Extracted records
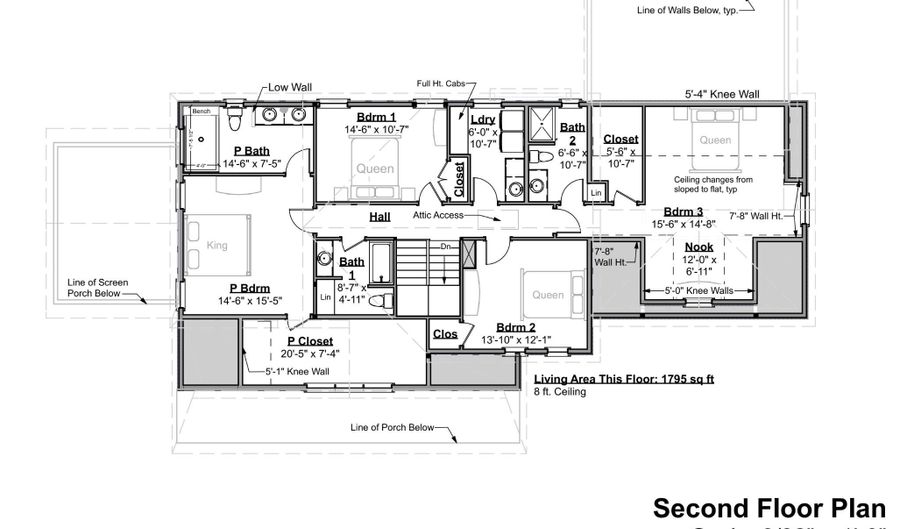 Lot 1 The Woodlands at Merry Hill, Barrington, NH 03825 - 4 Beds, 4 Bath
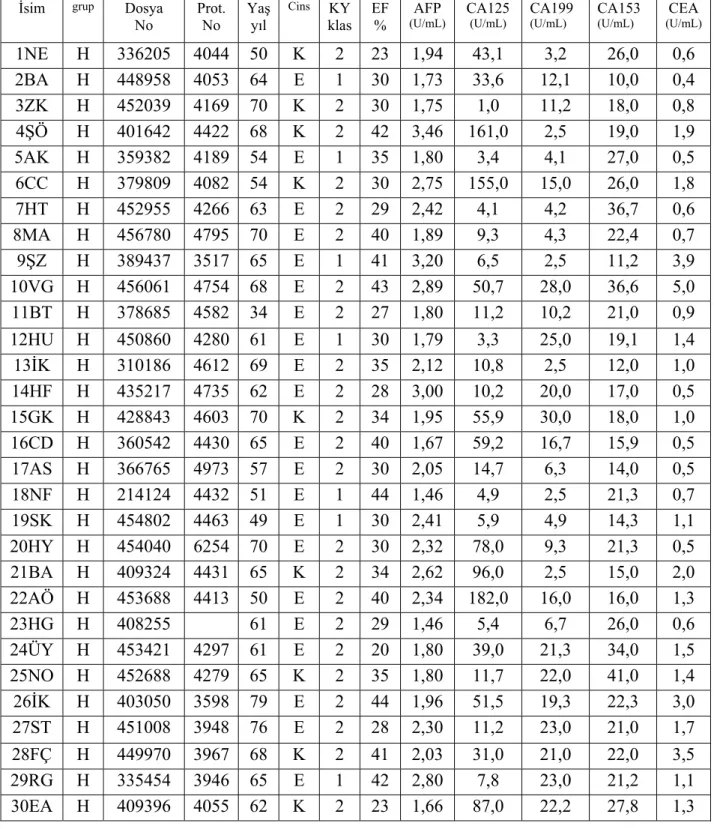 Tablo 4. Hastaların kayıt numaraları ve özellikleri 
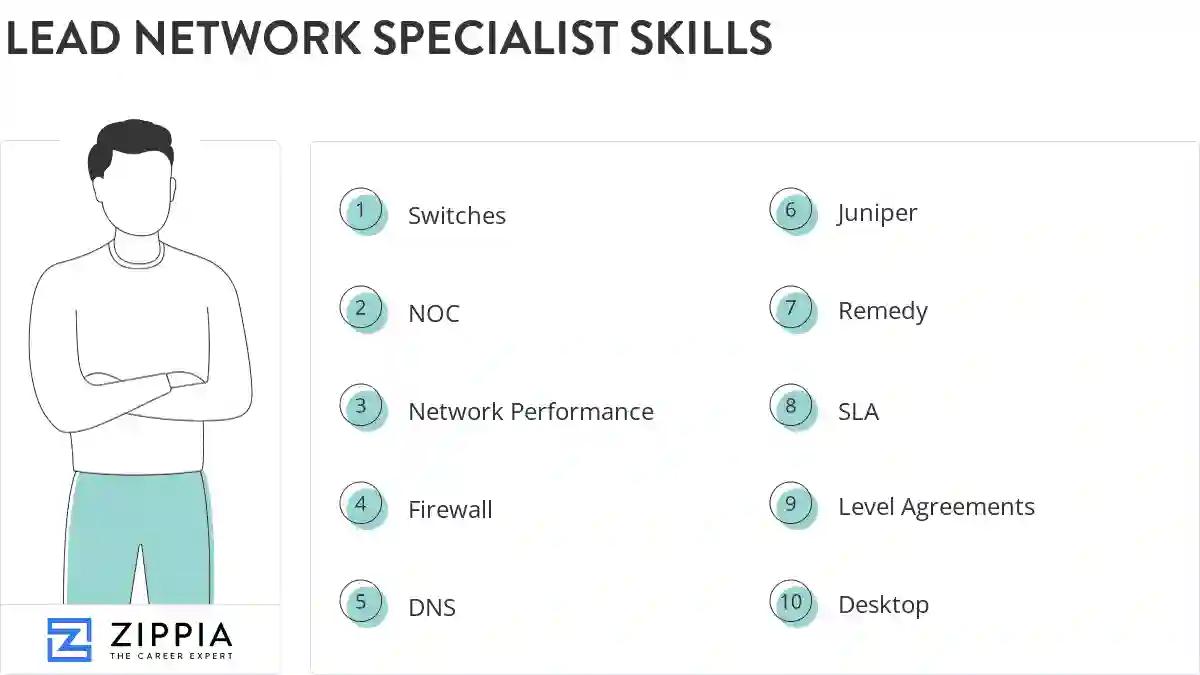 Lead network specialist skills
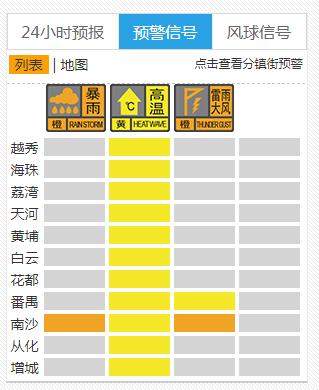 热҈热҈热҈！广州今日录得40.3℃！明起有局部暴雨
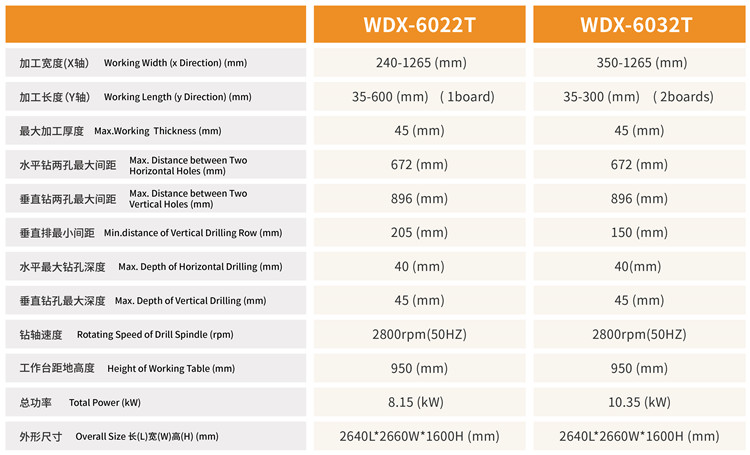 WDX-6032T3.jpg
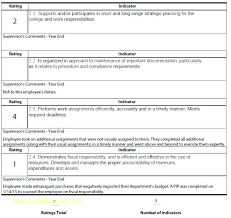 Simple Performance Appraisal Template Employee Performance Review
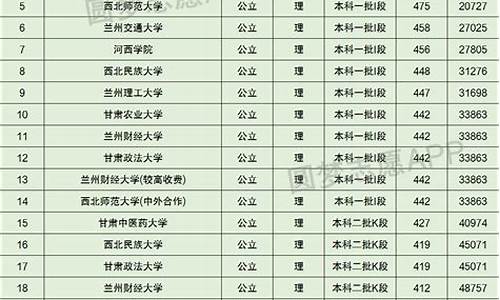 甘肃2023本科分数线_21年甘肃本科分数线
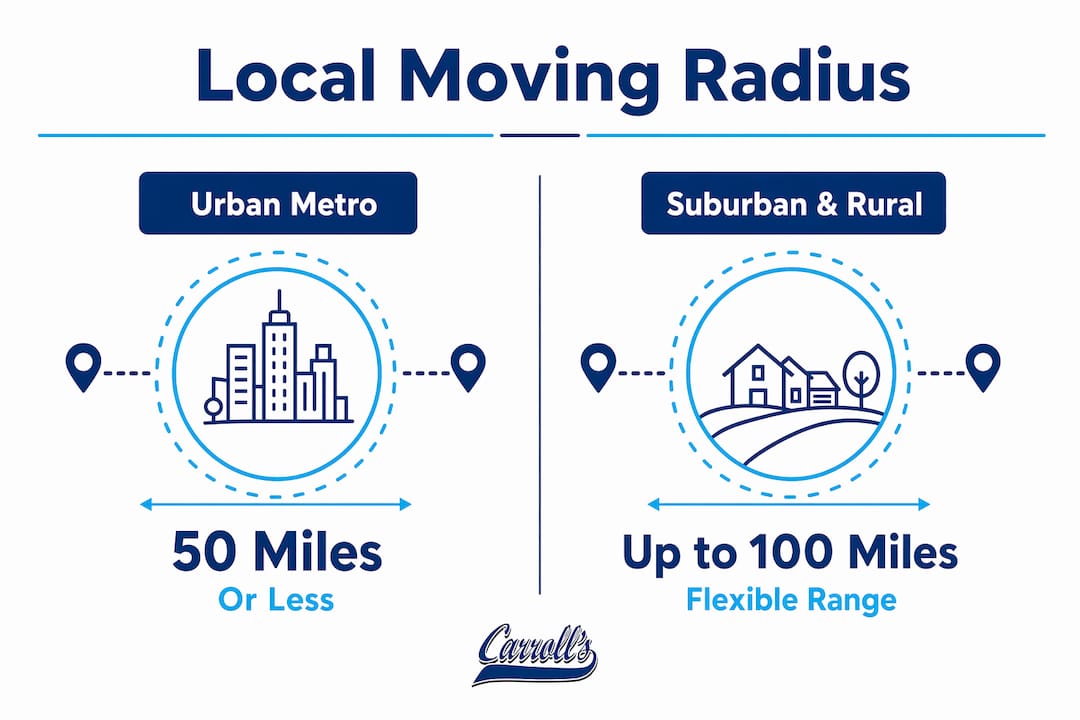 Infographic comparing local moving radius by area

- _Exercise aim_: Although the records above contain pictures, output every line exactly and leave the pictures out.

- _Task response_:
 Lot 1 The Woodlands at Merry Hill, Barrington, NH 03825 - 4 Beds, 4 Bath
 Tablo 4. Hastaların kayıt numaraları ve özellikleri 
 Lead network specialist skills
 热҈热҈热҈！广州今日录得40.3℃！明起有局部暴雨
 WDX-6032T3.jpg
 Simple Performance Appraisal Template Employee Performance Review
 甘肃2023本科分数线_21年甘肃本科分数线
 Infographic comparing local moving radius by area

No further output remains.